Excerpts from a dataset
=== Section Start ===

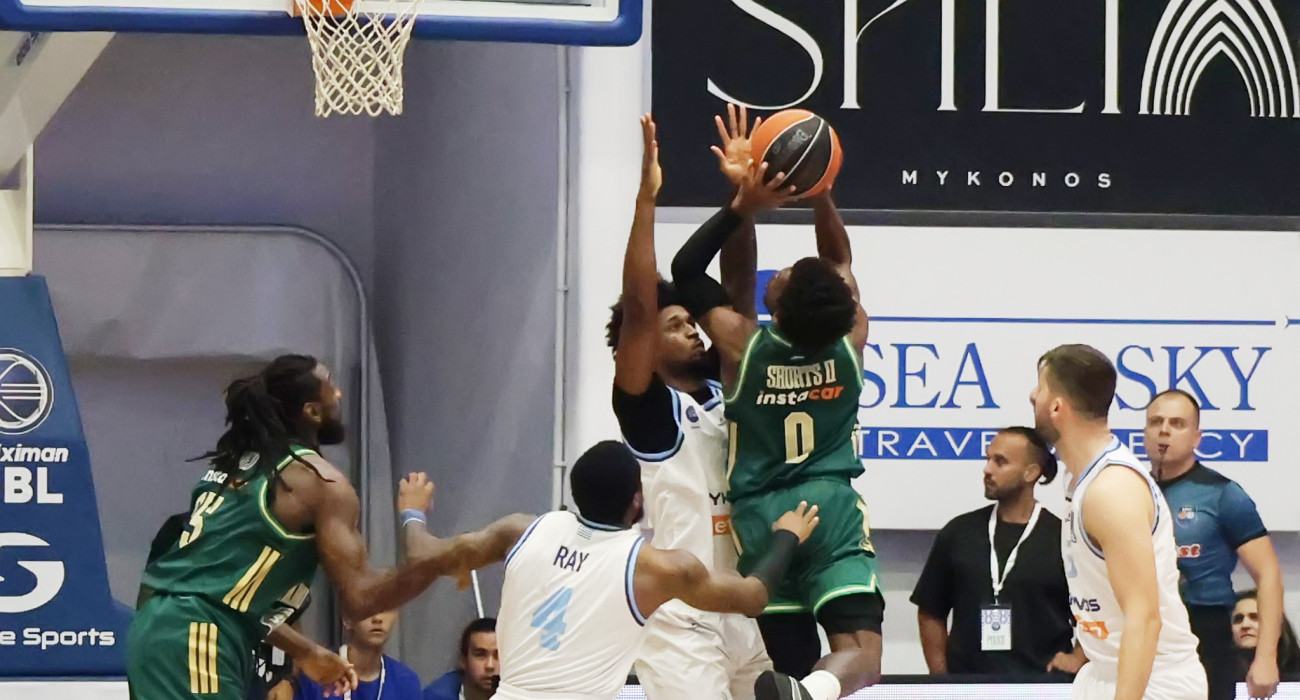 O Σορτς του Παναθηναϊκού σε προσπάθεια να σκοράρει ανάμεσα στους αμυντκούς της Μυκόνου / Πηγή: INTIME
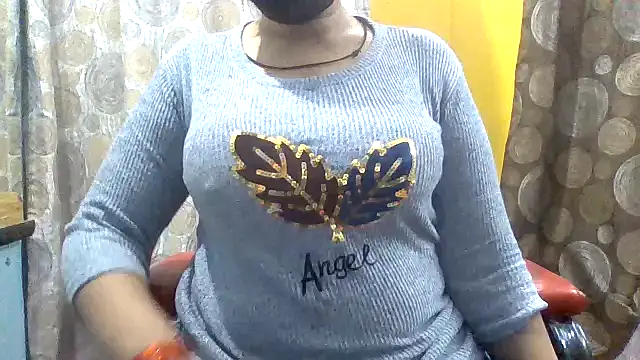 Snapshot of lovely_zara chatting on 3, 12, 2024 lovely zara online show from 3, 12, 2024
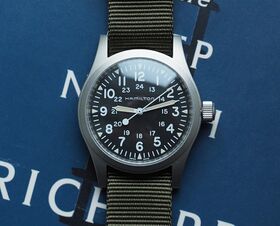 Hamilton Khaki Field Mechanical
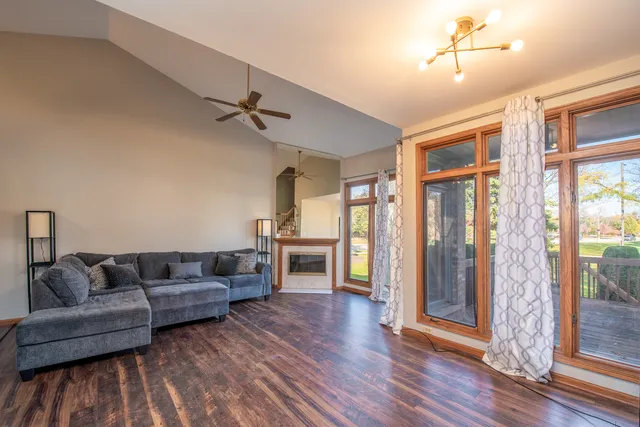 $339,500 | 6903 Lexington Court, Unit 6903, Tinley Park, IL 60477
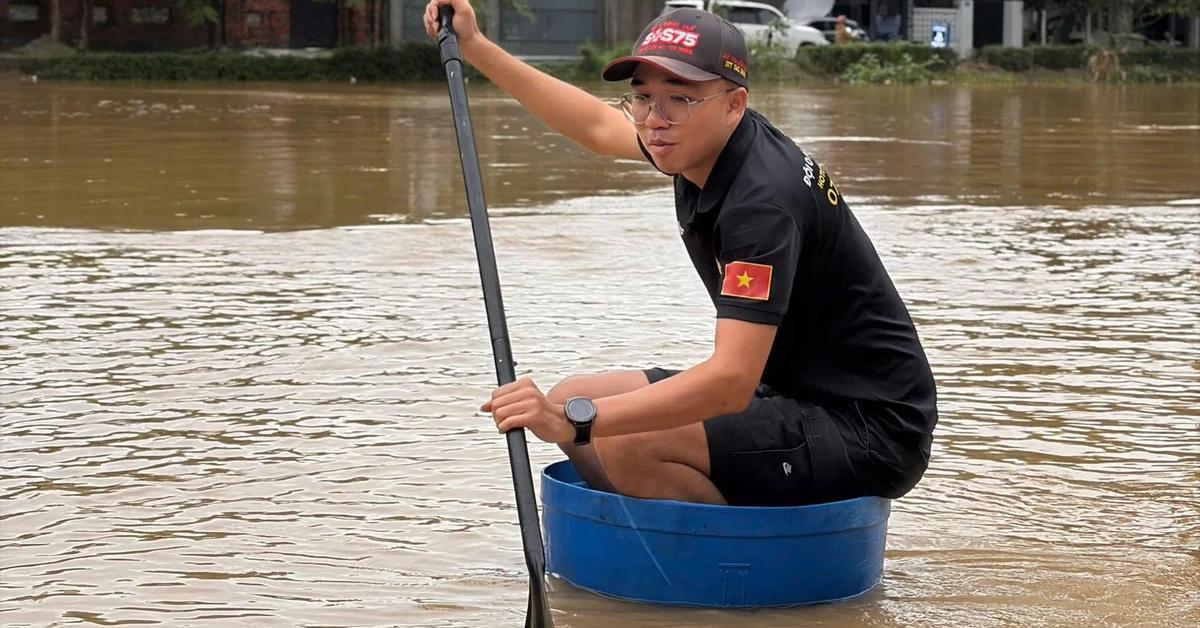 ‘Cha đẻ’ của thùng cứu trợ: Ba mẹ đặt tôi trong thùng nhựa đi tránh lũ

=== Section End ===

■ Activity
Please print all the entries exactly as written, but drop the pictures.

■ Answer to the problem
 O Σορτς του Παναθηναϊκού σε προσπάθεια να σκοράρει ανάμεσα στους αμυντκούς της Μυκόνου / Πηγή: INTIME
 Snapshot of lovely_zara chatting on 3, 12, 2024 lovely zara online show from 3, 12, 2024
 Hamilton Khaki Field Mechanical
 $339,500 | 6903 Lexington Court, Unit 6903, Tinley Park, IL 60477
 ‘Cha đẻ’ của thùng cứu trợ: Ba mẹ đặt tôi trong thùng nhựa đi tránh lũ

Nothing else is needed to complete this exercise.